There is no permanency about a treasure which is at the mercy of any enterprising thief.

So Jesus warns men against three kinds of pleasures and possessions.

(i) He warns them against the pleasures which will wear out like an old suit of clothes. The finest garment in the world, moths or no moths, will in the end disintegrate. All purely physical pleasures have a way of wearing out. At each successive enjoyment of them the thrill becomes less thrilling. It requires more of them to produce the same effect. They are like a drug which loses its initial potency and which becomes increasingly less effective. A man is a foolish man who finds his pleasures in things which are bound to offer diminishing returns.
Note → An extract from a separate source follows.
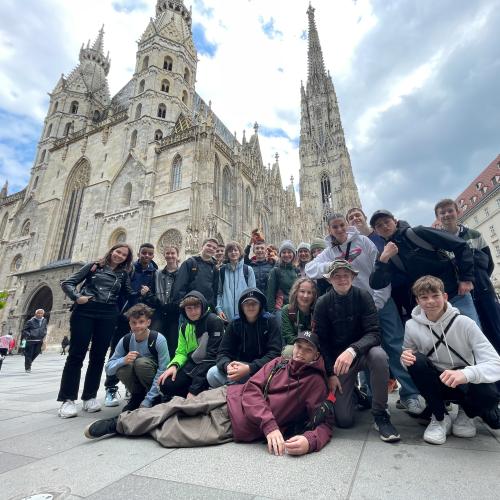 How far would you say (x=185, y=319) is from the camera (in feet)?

(ii) He warns against the pleasures which can be eroded away. The grain store is the inevitable prey of the marauding rats and mice who nibble and gnaw away the grain. There are certain pleasures which inevitably lose their attraction as a man grows older. It may be that he is physically less able to enjoy them; it may be that as his mind matures they cease in any sense to satisfy him. In life a man should never give his heart to the joys the years can take away; he should find his delight in the things whose thrill time is powerless to erode.

(iii) He warns against the pleasures which can be stolen away. All material things are like that; not one of them is secure; and if a man builds his happiness on them, he is building on a most insecure basis. Suppose a man arranges his life in such a way that his happiness depends on his possession of money; suppose a crash comes and he wakes up to find his money gone; then, with his wealth, his happiness has gone.

If any man is wise, he will build his happiness on things which he cannot lose, things which are independent of the chances and the changes of this life. Burns wrote of the fleeting things:

"But pleasures are like poppies spread:

You seize the flower, its bloom is shed;

Or like the snow falls in the river,

A moment white--then melts for ever."

Any one whose happiness depends on things like that is doomed to disappointment. Any man whose treasure is in things is bound to lose his treasure, for in things there is no permanence, and no thing lasts forever.